Last Sunday, I deeply experienced what it means to remember the Lord my God in my life. I was in Boston attending the annual meeting of American Academy of Religion. Boston was the first city that I lived in the US, and I lived there for four years with Jee Hei. Of course I have a full of great memories about Boston, and also memories of struggles and challenges like any other immigrants do. But to me, Boston is like a hometown in the US. Taking advantage of staying there on Sunday, I visited the church that I had visited on the very first Sunday in the US, where I experienced the first worship service in English. It happened to be a Methodist Church.
Union United Methodist Church in downtown Boston, it is. At that time, I went there because of my friend, who is now an Elder in the New England Conference. He preached on that Sunday as a student pastor.

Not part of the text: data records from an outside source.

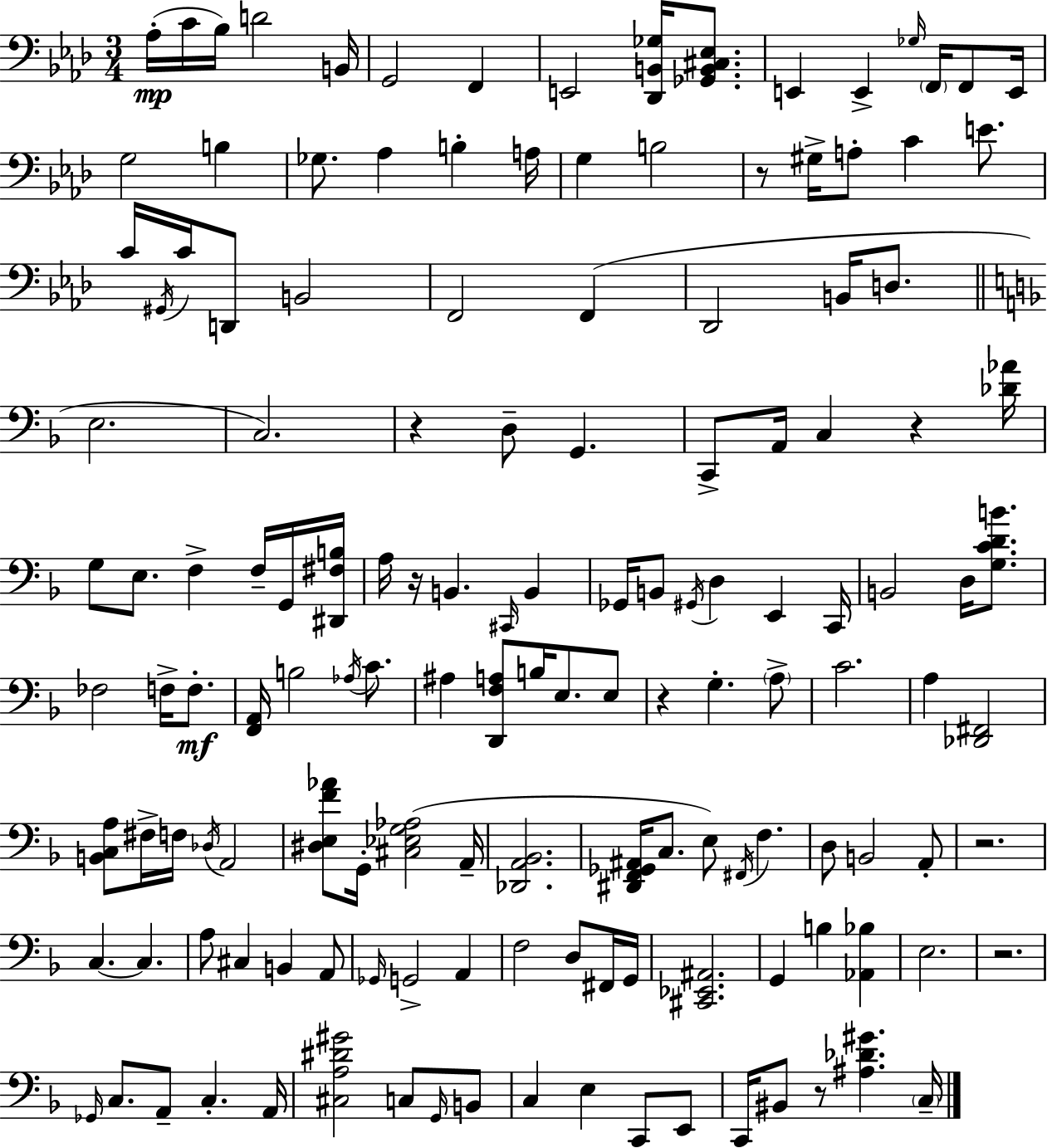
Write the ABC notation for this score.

X:1
T:Untitled
M:3/4
L:1/4
K:Fm
_A,/4 C/4 _B,/4 D2 B,,/4 G,,2 F,, E,,2 [_D,,B,,_G,]/4 [_G,,B,,^C,_E,]/2 E,, E,, _G,/4 F,,/4 F,,/2 E,,/4 G,2 B, _G,/2 _A, B, A,/4 G, B,2 z/2 ^G,/4 A,/2 C E/2 C/4 ^G,,/4 C/4 D,,/2 B,,2 F,,2 F,, _D,,2 B,,/4 D,/2 E,2 C,2 z D,/2 G,, C,,/2 A,,/4 C, z [_D_A]/4 G,/2 E,/2 F, F,/4 G,,/4 [^D,,^F,B,]/4 A,/4 z/4 B,, ^C,,/4 B,, _G,,/4 B,,/2 ^G,,/4 D, E,, C,,/4 B,,2 D,/4 [G,CDB]/2 _F,2 F,/4 F,/2 [F,,A,,]/4 B,2 _A,/4 C/2 ^A, [D,,F,A,]/2 B,/4 E,/2 E,/2 z G, A,/2 C2 A, [_D,,^F,,]2 [B,,C,A,]/2 ^F,/4 F,/4 _D,/4 A,,2 [^D,E,F_A]/2 G,,/4 [^C,_E,G,_A,]2 A,,/4 [_D,,A,,_B,,]2 [^D,,F,,_G,,^A,,]/4 C,/2 E,/2 ^F,,/4 F, D,/2 B,,2 A,,/2 z2 C, C, A,/2 ^C, B,, A,,/2 _G,,/4 G,,2 A,, F,2 D,/2 ^F,,/4 G,,/4 [^C,,_E,,^A,,]2 G,, B, [_A,,_B,] E,2 z2 _G,,/4 C,/2 A,,/2 C, A,,/4 [^C,A,^D^G]2 C,/2 G,,/4 B,,/2 C, E, C,,/2 E,,/2 C,,/4 ^B,,/2 z/2 [^A,_D^G] C,/4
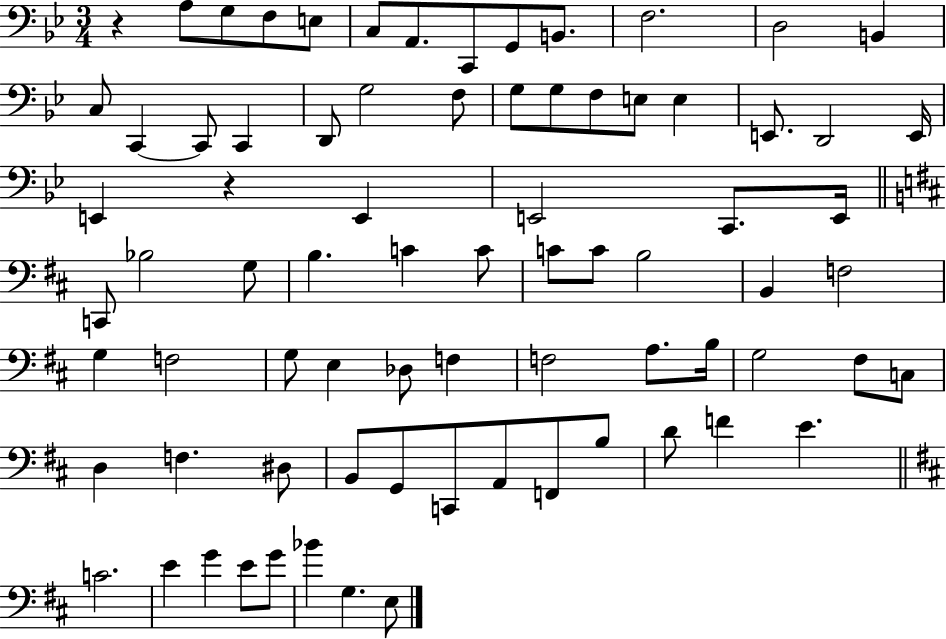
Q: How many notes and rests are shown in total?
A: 77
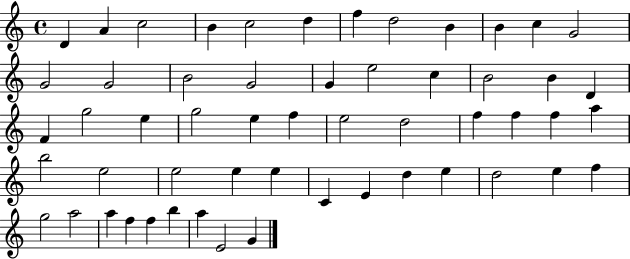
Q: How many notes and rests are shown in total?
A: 55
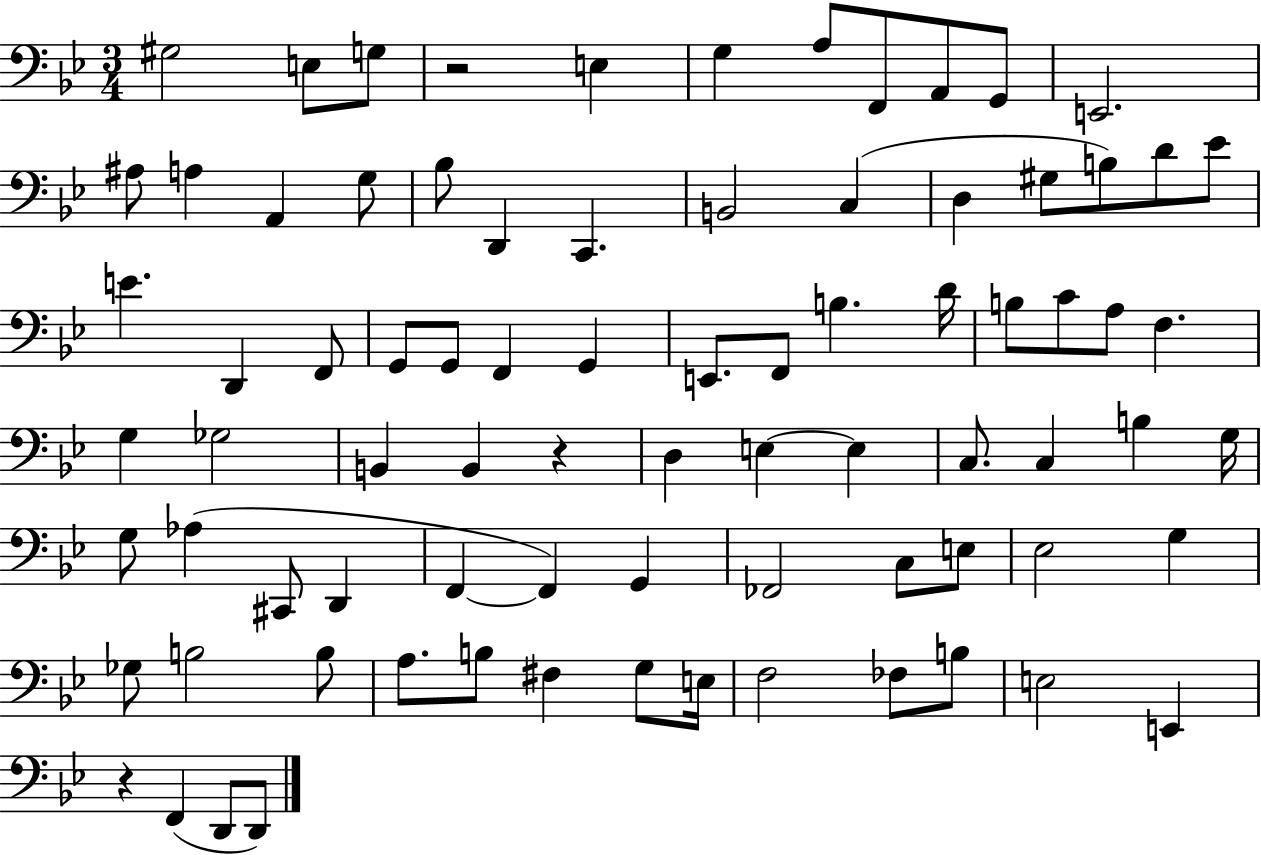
{
  \clef bass
  \numericTimeSignature
  \time 3/4
  \key bes \major
  gis2 e8 g8 | r2 e4 | g4 a8 f,8 a,8 g,8 | e,2. | \break ais8 a4 a,4 g8 | bes8 d,4 c,4. | b,2 c4( | d4 gis8 b8) d'8 ees'8 | \break e'4. d,4 f,8 | g,8 g,8 f,4 g,4 | e,8. f,8 b4. d'16 | b8 c'8 a8 f4. | \break g4 ges2 | b,4 b,4 r4 | d4 e4~~ e4 | c8. c4 b4 g16 | \break g8 aes4( cis,8 d,4 | f,4~~ f,4) g,4 | fes,2 c8 e8 | ees2 g4 | \break ges8 b2 b8 | a8. b8 fis4 g8 e16 | f2 fes8 b8 | e2 e,4 | \break r4 f,4( d,8 d,8) | \bar "|."
}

And the senior pastor was the late Bishop Martin McLee. It was a beautiful worship service, even though I couldn’t understand most parts.
Anyway, I went to the church quite early (believe me, it was early) and sat in a pew. As soon as I sat down, I felt emotionally overwhelmed. It was a very strange and unexpected experience. There, I encountered my past self who has been long-forgotten…my past self who was sitting there ten years ago, fresh off the boat, confused and afraid, didn’t know how to navigate his life, wasn’t sure where to begin, and was just curled himself up in a corner wishing to be alone. Sitting in a pew, as an Elder in the United Methodist church, I remembered my journey for the last ten years in the US. And it became crystal clear to me that it is no one but God who has guided me thus far, who already had visions and plans for me even when I couldn’t find them, who has shaped my life whether I noticed it or not, and who has raised me to be something from nothing. The Spirit strongly moved in my heart, and I praised the Lord singing with others the hymn, “I will trust in the Lord.” It goes, “I will trust in the Lord, I will trust in the Lord, I will trust in the Lord, till I die, until I die…” That was so powerful and I cried, cried, and cried. Tears of joy and gratefulness sprang up from the bottom of my heart.

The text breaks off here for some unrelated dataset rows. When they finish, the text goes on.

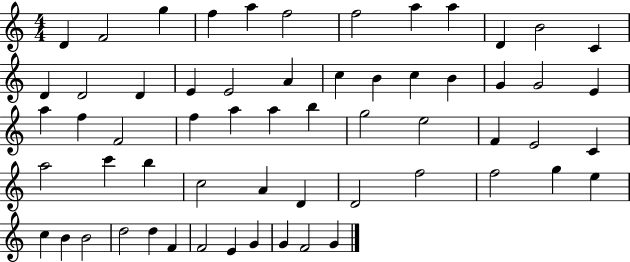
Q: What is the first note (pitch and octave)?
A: D4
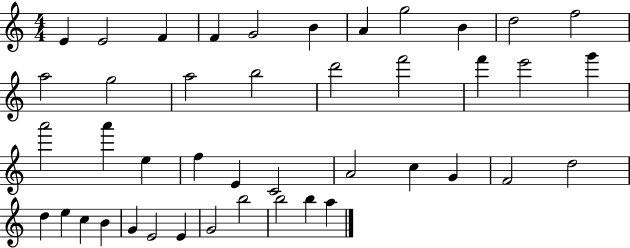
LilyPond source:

{
  \clef treble
  \numericTimeSignature
  \time 4/4
  \key c \major
  e'4 e'2 f'4 | f'4 g'2 b'4 | a'4 g''2 b'4 | d''2 f''2 | \break a''2 g''2 | a''2 b''2 | d'''2 f'''2 | f'''4 e'''2 g'''4 | \break a'''2 a'''4 e''4 | f''4 e'4 c'2 | a'2 c''4 g'4 | f'2 d''2 | \break d''4 e''4 c''4 b'4 | g'4 e'2 e'4 | g'2 b''2 | b''2 b''4 a''4 | \break \bar "|."
}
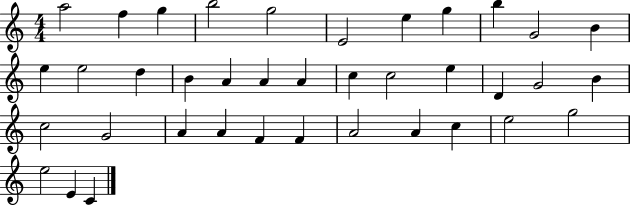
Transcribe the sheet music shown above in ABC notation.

X:1
T:Untitled
M:4/4
L:1/4
K:C
a2 f g b2 g2 E2 e g b G2 B e e2 d B A A A c c2 e D G2 B c2 G2 A A F F A2 A c e2 g2 e2 E C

In the worship service, I deeply realized what it is to remember the Lord our God. Indeed, the act of remembrance is not just to passively recognize or memorize what happened in our past. But rather, the act of remembrance is to re-member, put our past and the present together in a thread, and see it from the perspective of our faith in God. So this act of remembrance enables us to realize how God has led our ways. We may realize through all those ups and downs, through all those good days and bad days, through all those happiness and miseries in our lives, God has faithfully walked with us and shaped our lives with grace upon grace. And as a result, the act of remembrance leads us to reaffirm our faith in God with our gratitude.

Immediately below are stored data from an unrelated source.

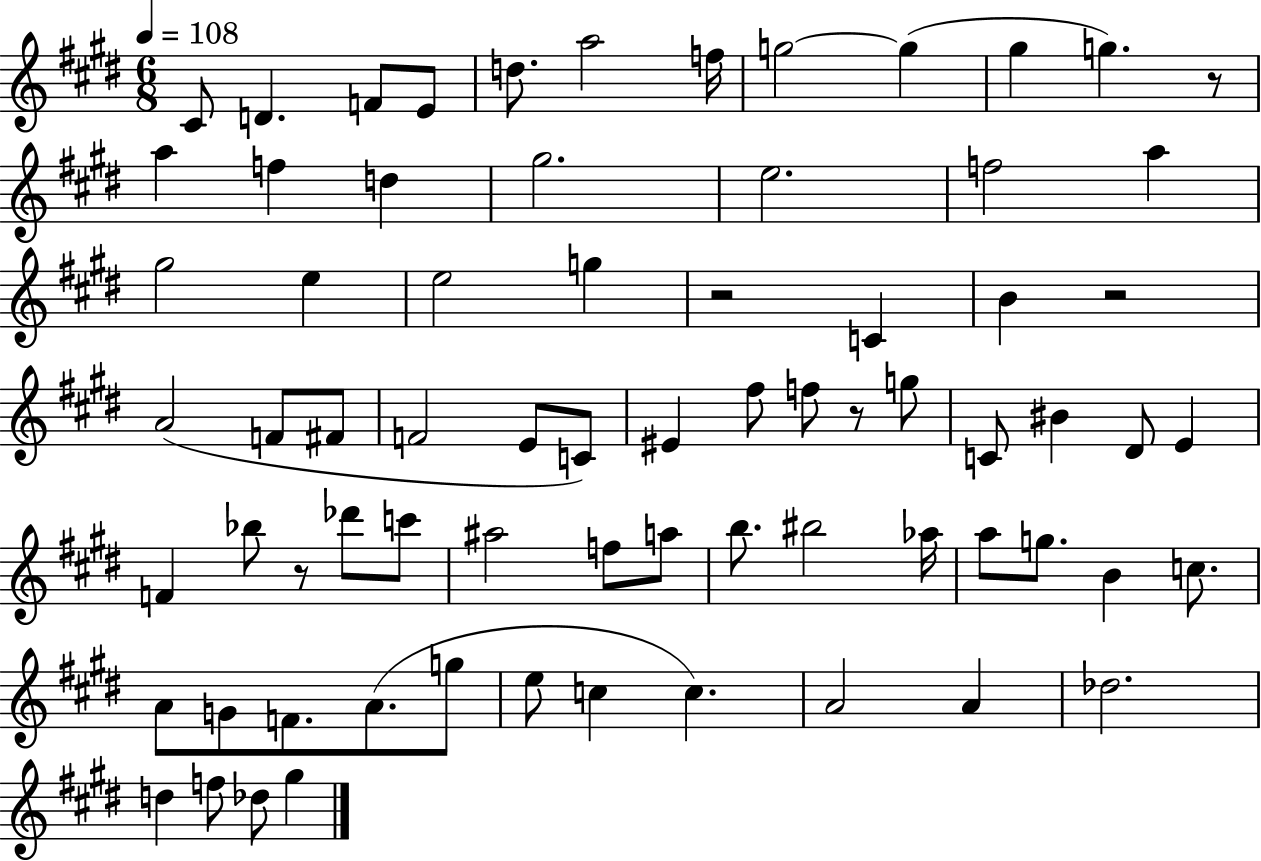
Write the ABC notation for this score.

X:1
T:Untitled
M:6/8
L:1/4
K:E
^C/2 D F/2 E/2 d/2 a2 f/4 g2 g ^g g z/2 a f d ^g2 e2 f2 a ^g2 e e2 g z2 C B z2 A2 F/2 ^F/2 F2 E/2 C/2 ^E ^f/2 f/2 z/2 g/2 C/2 ^B ^D/2 E F _b/2 z/2 _d'/2 c'/2 ^a2 f/2 a/2 b/2 ^b2 _a/4 a/2 g/2 B c/2 A/2 G/2 F/2 A/2 g/2 e/2 c c A2 A _d2 d f/2 _d/2 ^g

Today we are celebrating our church’s 189th Anniversary. And we want to remember how God has been faithful to our church through all those years and made good disciples for the transformation of the world. Also, today is the commitment Sunday, the last day of the stewardship campaign this year. And we want to remember how God has faithfully cared for us and granted us many blessings even through the vicissitude of the seasons. As we do, let us also re-member, put our history together, and see it through our eyes of faith. Then, we will surely realize the faithful guidance and the helping hands of God. And then, we will gladly reaffirm our faith in God with our deepest gratitude. Hear the message of Moses again for the first time, “Remember the Lord your God and bless the Lord your God!” Remember God’s love and grace in your life. And never forget the presence of the Spirit in your whole life. And all God’s people say, amen.
“Fortune” is the word that originated from the name of the goddess, Fortuna.
Fortuna was the goddess of chance or luck in Roman religion. She was a very popular deity and worshipped all over the Roman Empire. She was believed to be the bearer of prosperity and increase, the giver of fertility to the soil and to women, and the oracle of fortunes in the future. As you can see in the picture, she is often depicted with some items in her hands. One of them is a wheel. And it is called the Wheel of Fortune (Rota Fortunae). In medieval philosophy, this wheel was a symbol of human fate.
All people in the world are hanging on the wheel. On top of the wheel, a fortunate person like a king is enjoying good life. Under the wheel, an unfortunate person is going through suffering. On its left and right sides, one person is going up to fortune and the other one going downhill. The position of people can change at any given moment whenever the goddess, Fortuna, randomly spins the wheel. So this wheel represents the capricious and relative nature of fortune. Fortune comes arbitrarily. And while someone enjoys fortune, others suffer misfortune. Indeed, this artistic rendering of Fortuna tells us exactly what fortune means.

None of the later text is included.